** What is required **
Please set down only the lines running from the one with "Kia Sorento — фото 15" through the last line of the entries, exactly as written and without any pictures.

---------- Listed entries ----------

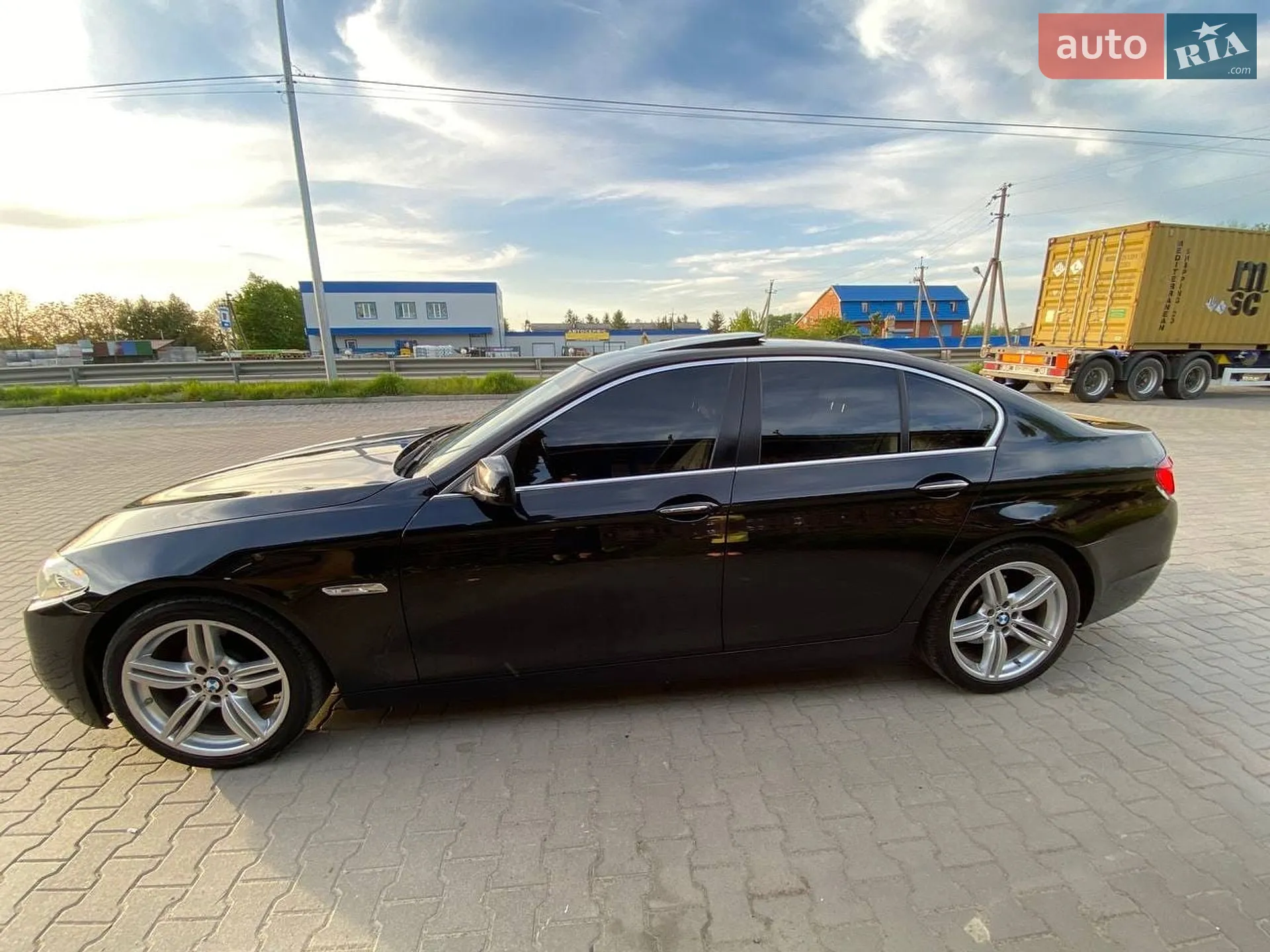 2011 BMW 5er - мініатюра 4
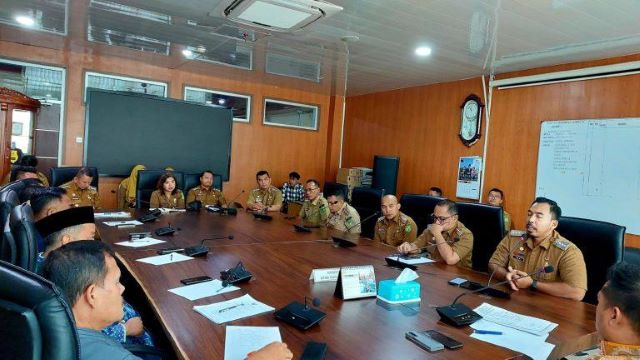 RDP Komisi I DPRD Medan dengan Camat 1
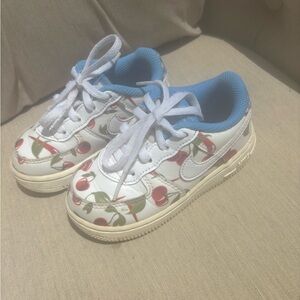 ❤️‍🔥🍒 Kids Cherry Picnic Print Sneakers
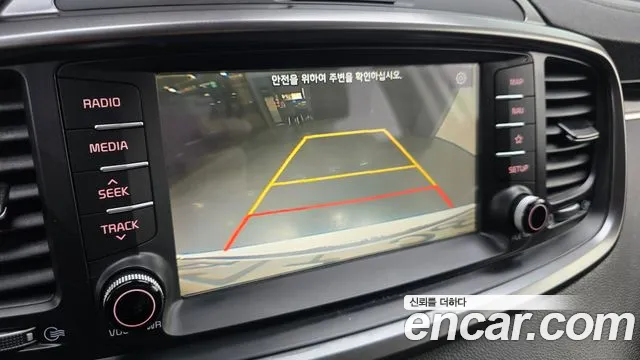 Kia Sorento — фото 15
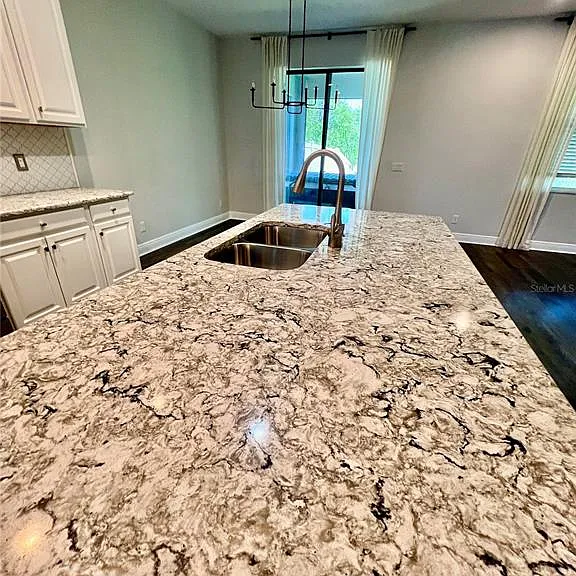 7942 Roma Dune Dr — Photo 10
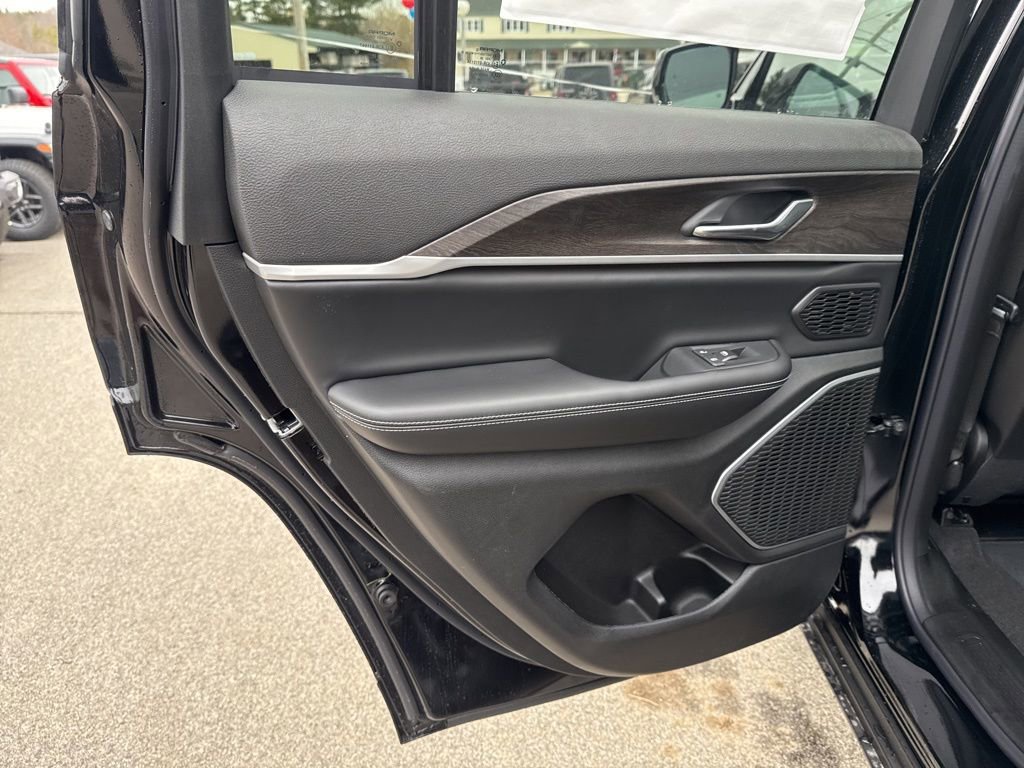 New 2026 Jeep Grand Cherokee Limited image 26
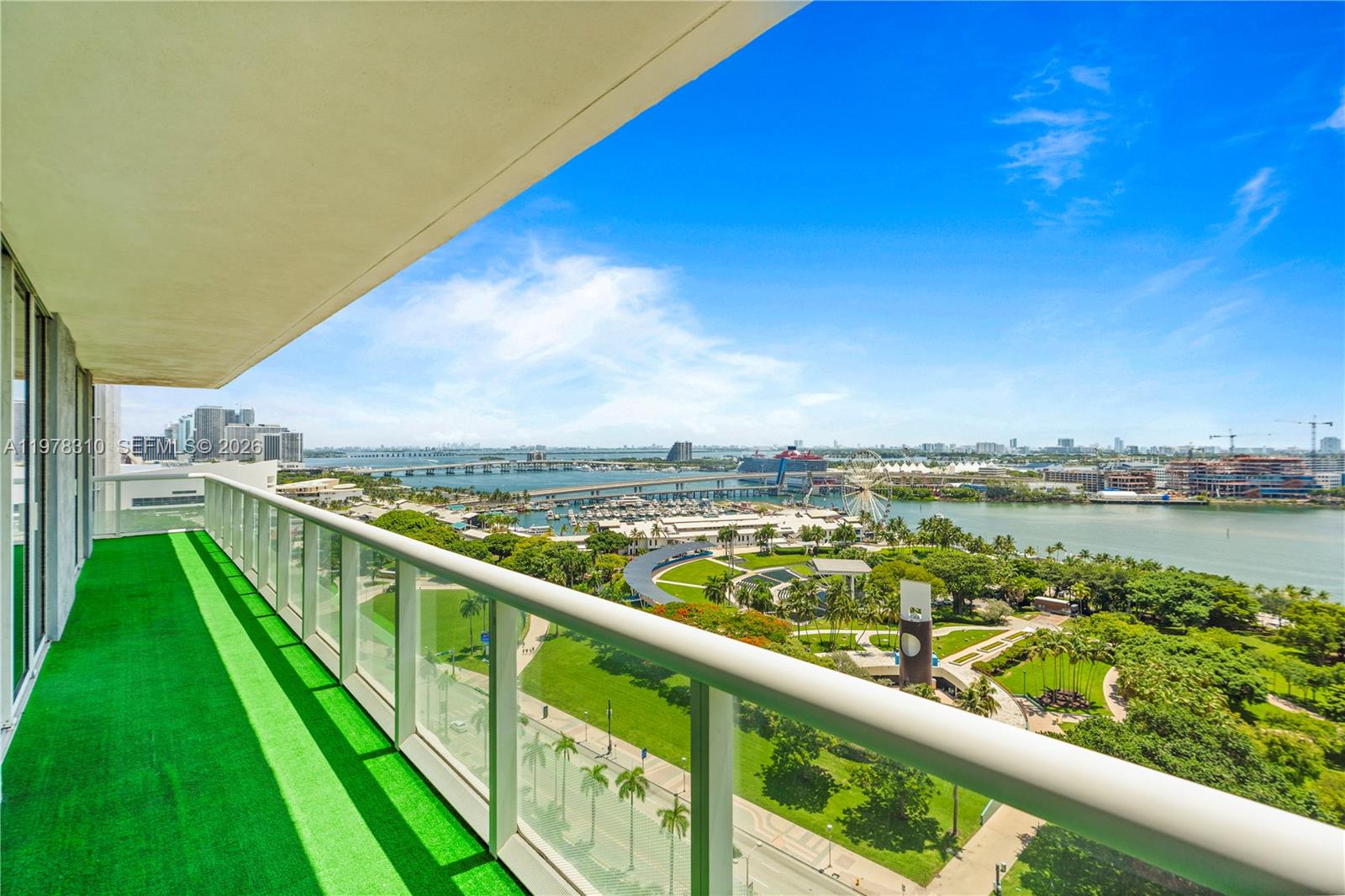 50 Biscayne Blvd #1902, Miami FL 33132
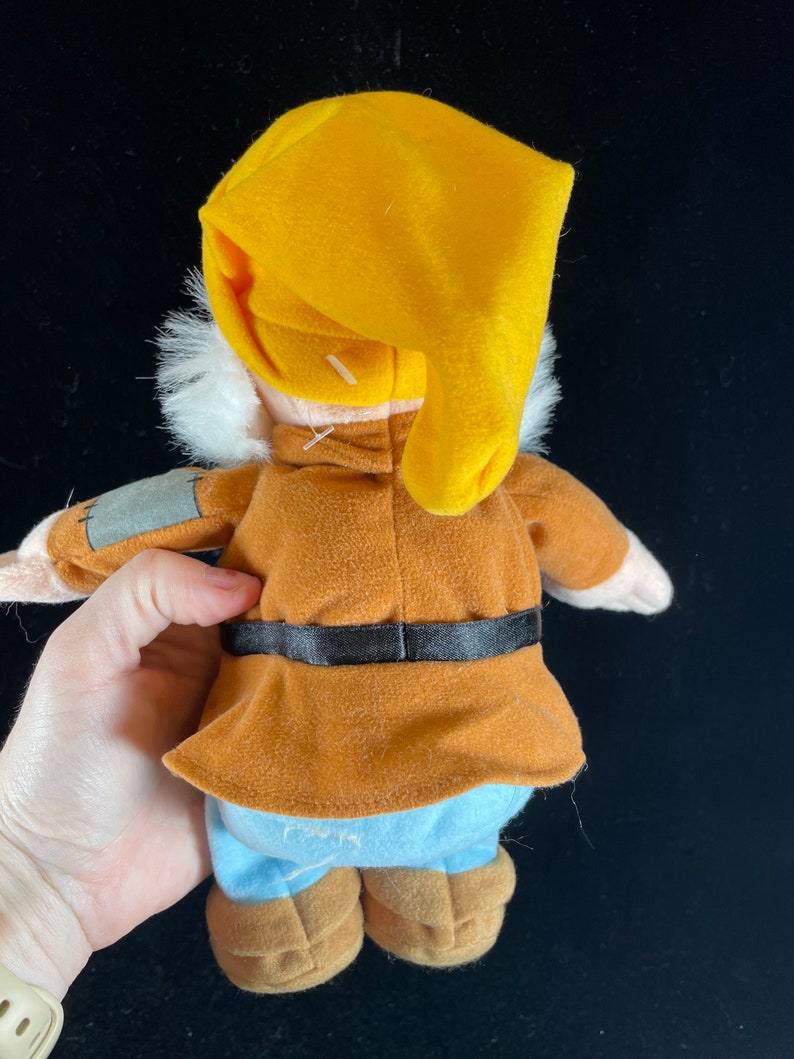 Disney Store Snow White Seven Dwarfs HAPPY Dwarf Plush Stuffed Toy 12 ...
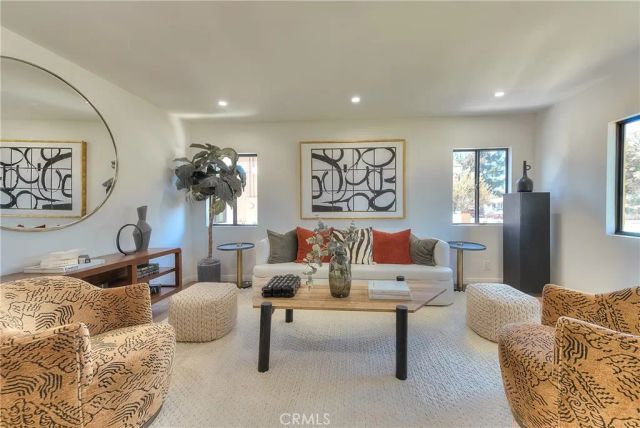 1506 N Niagara, Burbank, CA 91505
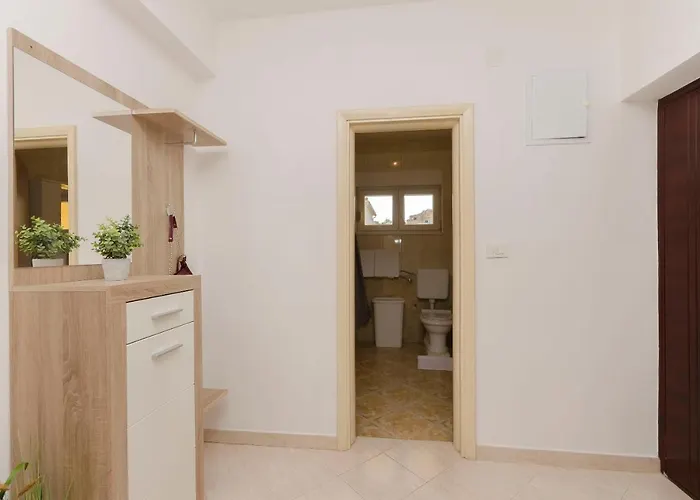 Fourstars Appartement *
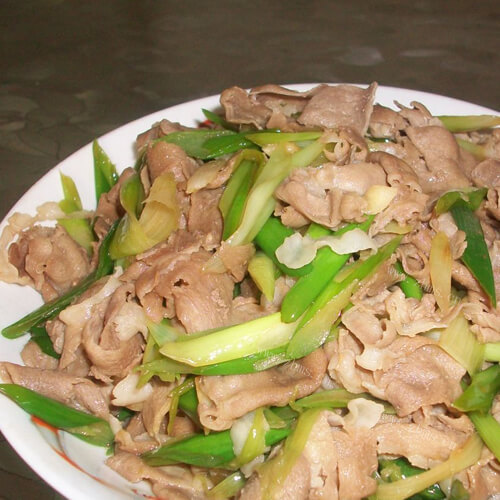 诱人的快手版葱爆羊肉 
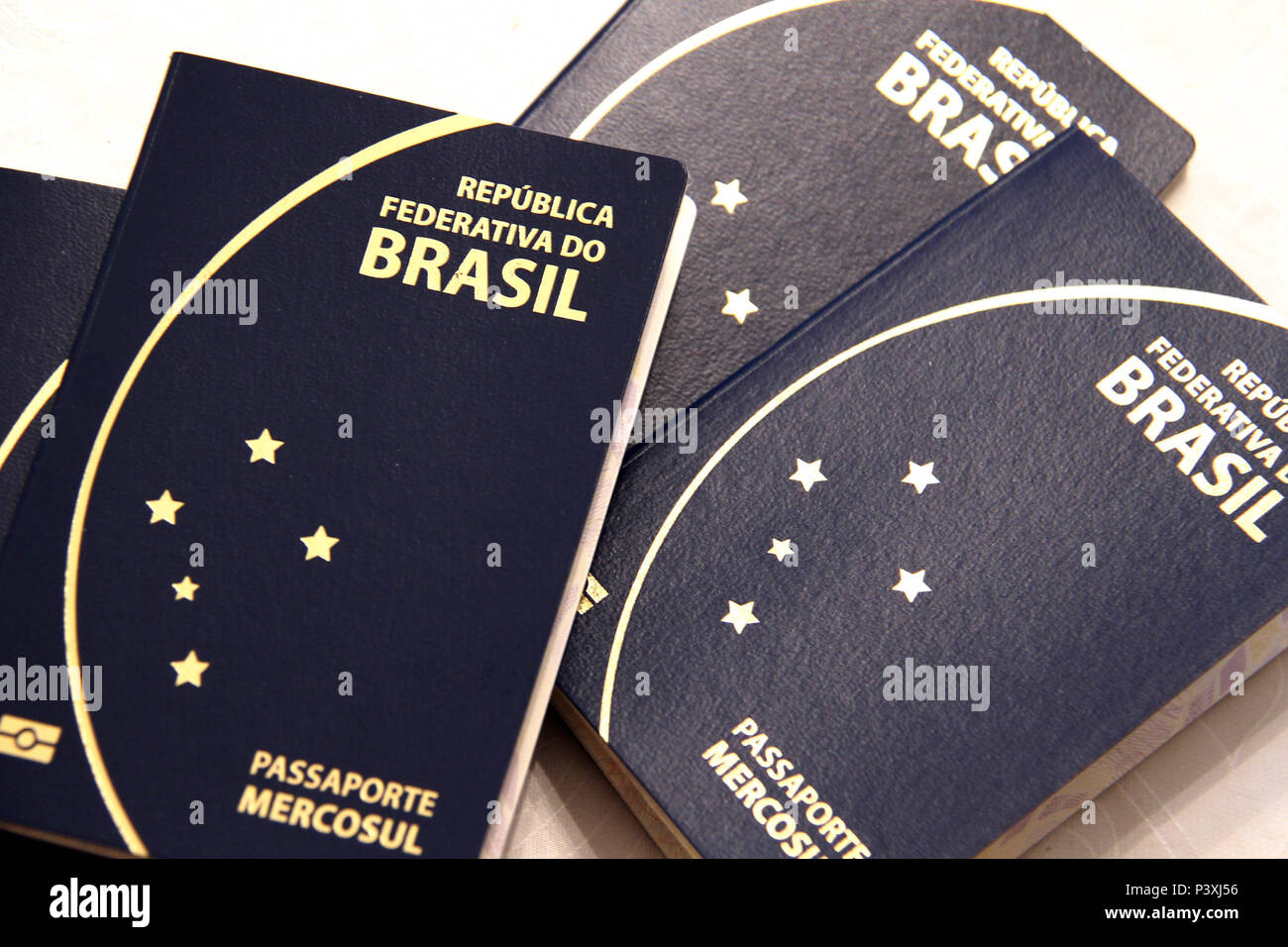 Novo comum passaporte Brasileiro atende ao padrão ICAO, Organizzazione Internazionale Aviazione Civile, e está sendo emitido no Brasil desde 2015. O passaporte tem capa de cor azul, padrão estabelecido pelo latina. Foto Stock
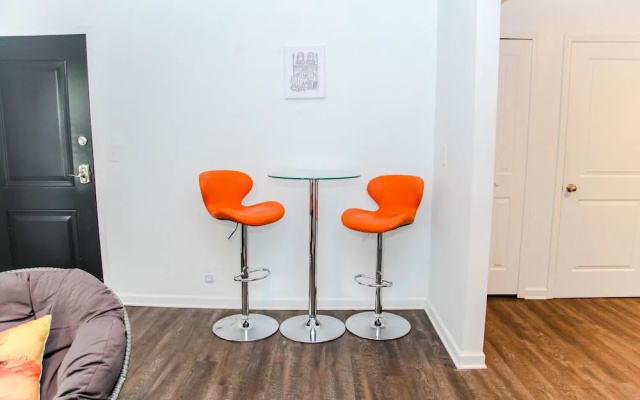 photo 2 of Lavish 1 Bd Apartment in Music City Near DT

----------

** Output for this exercise **
 Kia Sorento — фото 15
 7942 Roma Dune Dr — Photo 10
 New 2026 Jeep Grand Cherokee Limited image 26
 50 Biscayne Blvd #1902, Miami FL 33132
 Disney Store Snow White Seven Dwarfs HAPPY Dwarf Plush Stuffed Toy 12 ...
 1506 N Niagara, Burbank, CA 91505
 Fourstars Appartement *
 诱人的快手版葱爆羊肉 
 Novo comum passaporte Brasileiro atende ao padrão ICAO, Organizzazione Internazionale Aviazione Civile, e está sendo emitido no Brasil desde 2015. O passaporte tem capa de cor azul, padrão estabelecido pelo latina. Foto Stock
 photo 2 of Lavish 1 Bd Apartment in Music City Near DT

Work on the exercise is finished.